Page:Revue des Deux Mondes - 1881 - tome 43.djvu/419

Le texte de cette page a été corrigé et est conforme au fac-similé.
LA
REFORME JUDICIAIRE

III.[1]
L’ESPRIT DE RÉFORME ET L’ESPRIT RÉVOLUTIONNAIRE.

Le tableau des épreuves que la magistrature a traversées depuis 1789, et la vue des transformations que la démocratie a fait subir aux corps des juges dans les deux républiques fédérales, nous ont préparés à comprendre les attaques dont notre organisation judiciaire est aujourd’hui l’objet.

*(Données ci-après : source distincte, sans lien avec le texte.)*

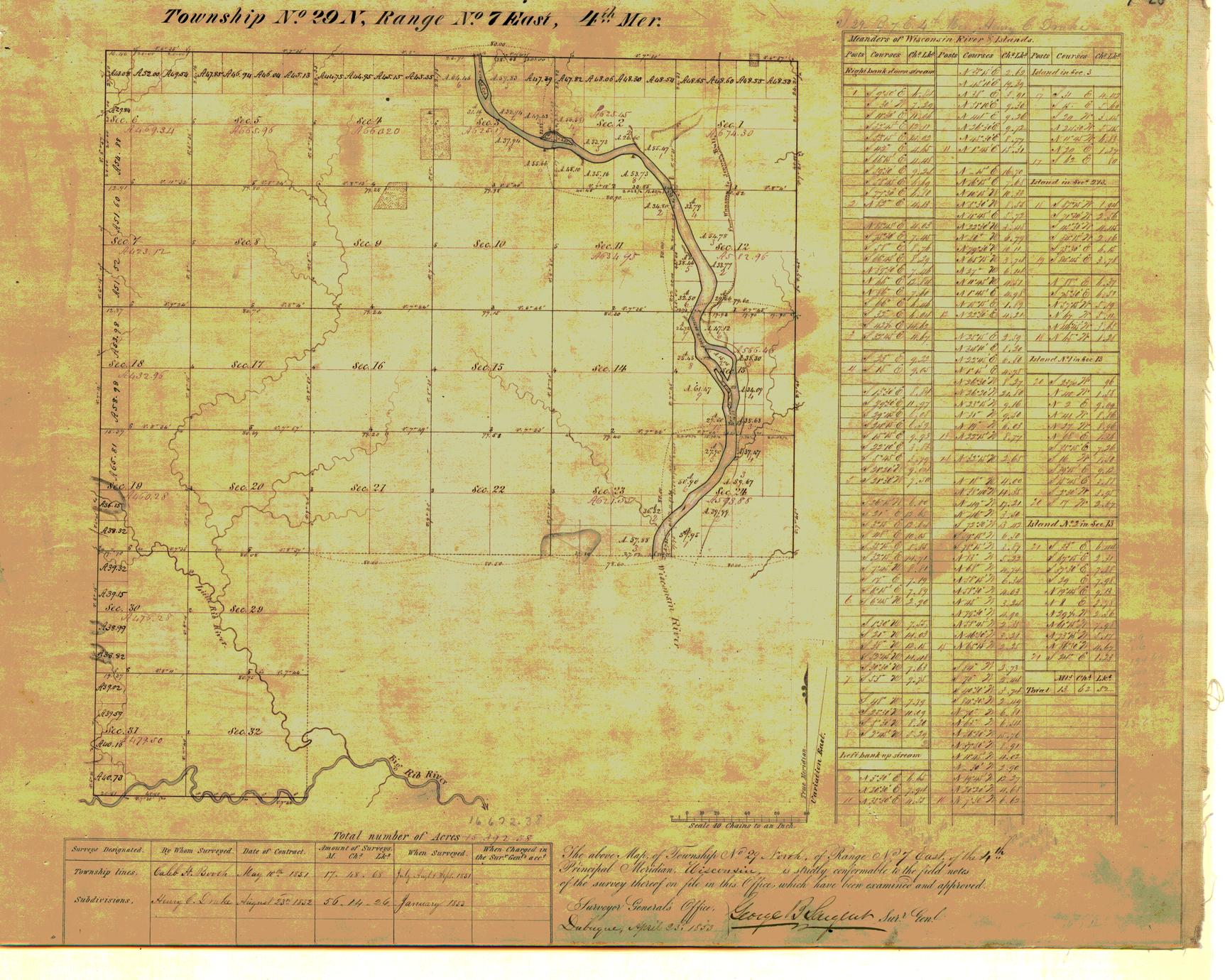 [Public Land Survey System map: Wisconsin Township 29 North, Range 07 East]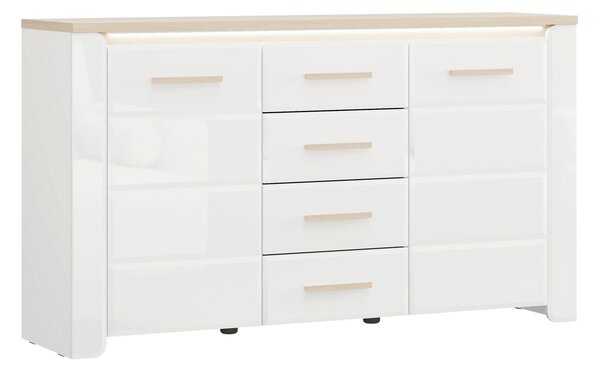 KOMODA, biela, dub bianco, 154/88/40 cm Carryhome - Komody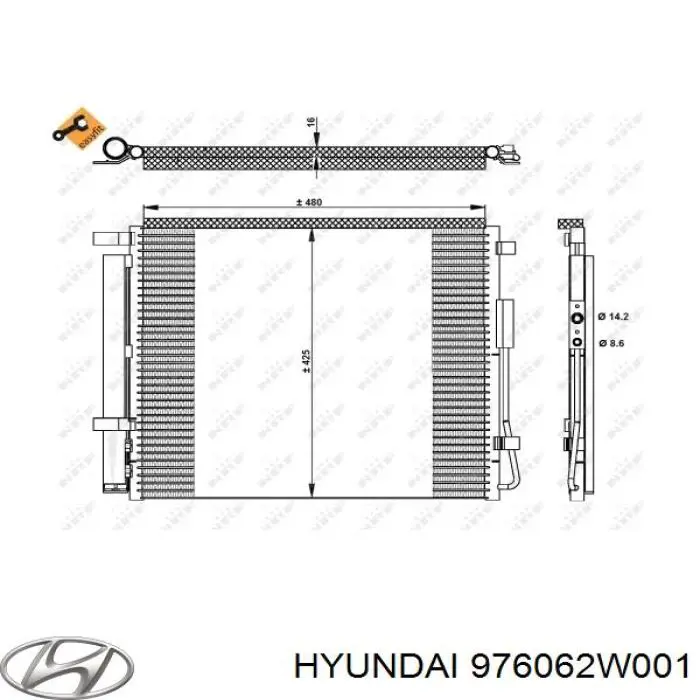 Радіатор кондиціонера 976062W001 Hyundai/Kia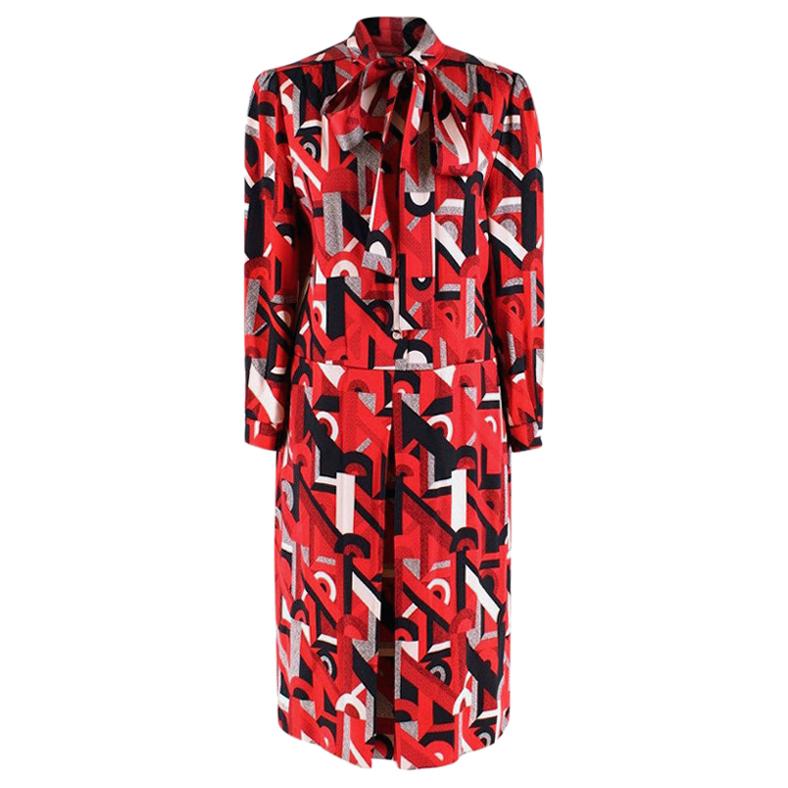 Prada Red Geometric Printed Pussy Bow Dress - Size US 2  For Sale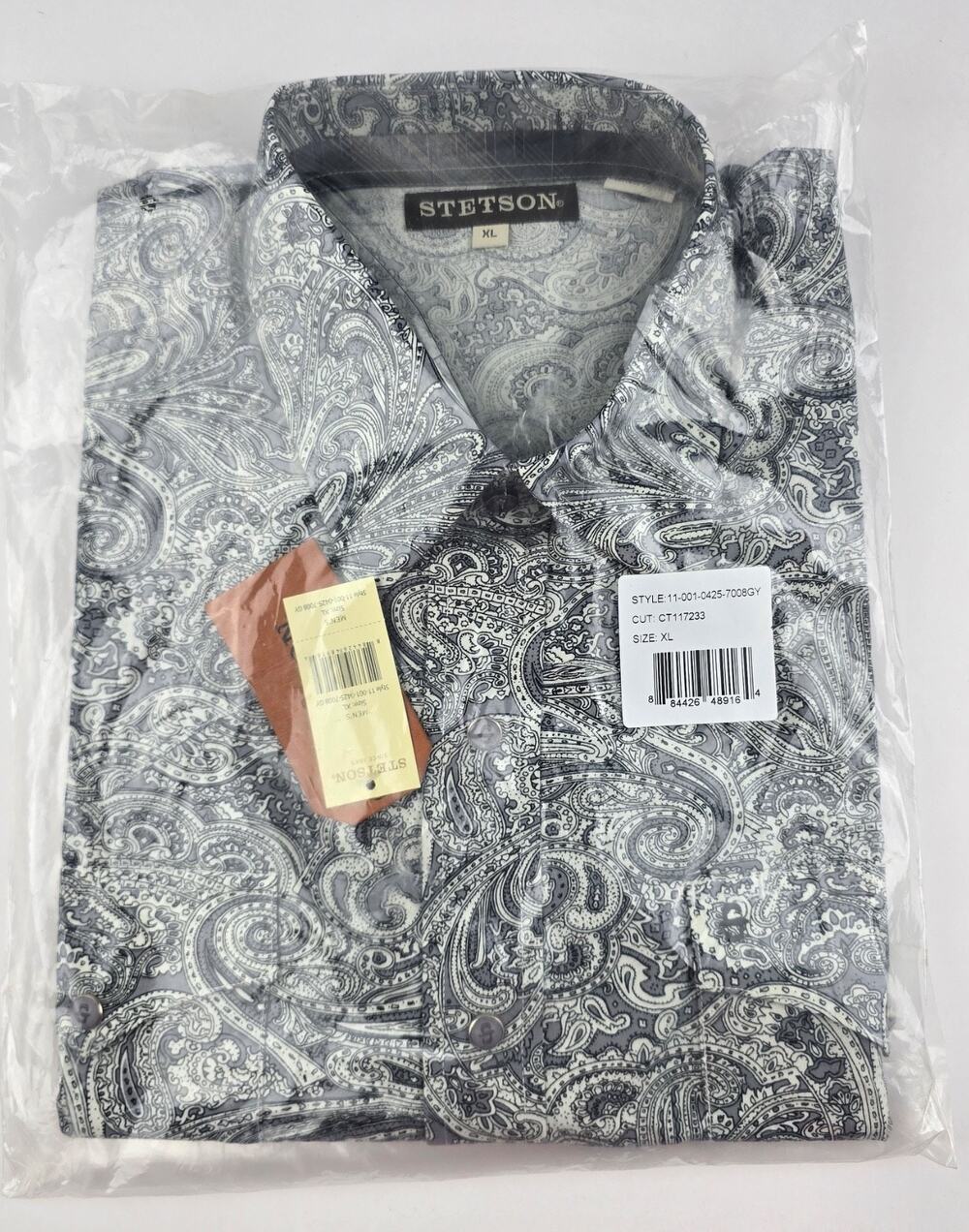 New Stetson Men's XL Western Paisley long sleeve shirt Gray & white snap button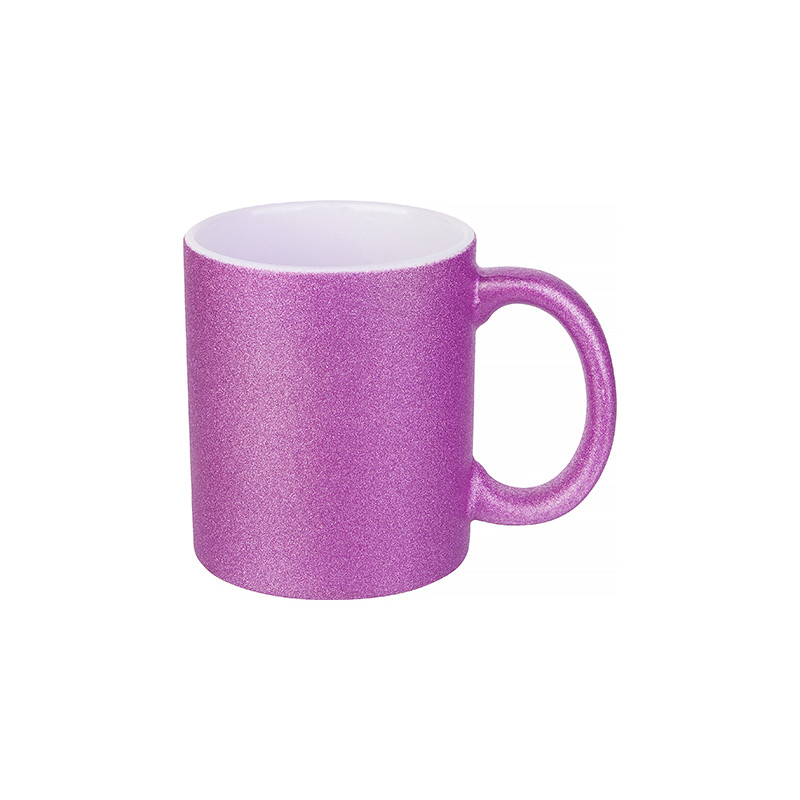Mug pailleté violet à personnaliser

L’esprit révolutionnaire veut détruire de fond en comble l’organisation créée sous le consulat et faire naître d’un coup de baguette un système où tout sera nouveau, hommes et institutions. La routine répond en déclarant que nos juridictions, le mécanisme de la justice, l’œuvre et le personnel sont au-dessus de tout éloge, que la haine et l’aveuglement peuvent seuls inspirer des attaques contre nos corps judiciaires. L’esprit de réforme écoute toutes les critiques, les pèse à leur valeur, les rejette ou les admet suivant la force de leurs preuves, tient grand compte du passé, ne le prend pas pour seul juge, ne méprise aucune plainte, ne refuse aucun conseil, fait l’enquête, la plus sincère, ne part pas d’un système préconçu, mais aboutit à ce que la raison suggère ; en un mot, il veut le progrès sans secousse, le recherche en ne se lassant point, en se préoccupant beaucoup des besoins publics, sans s’effrayer des clameurs, mais en prêtant l’oreille à toutes les doléances d’où qu’elles viennent.

  1. Voyez la Revue du 1er décembre 1880 et du 1er janvier 1881.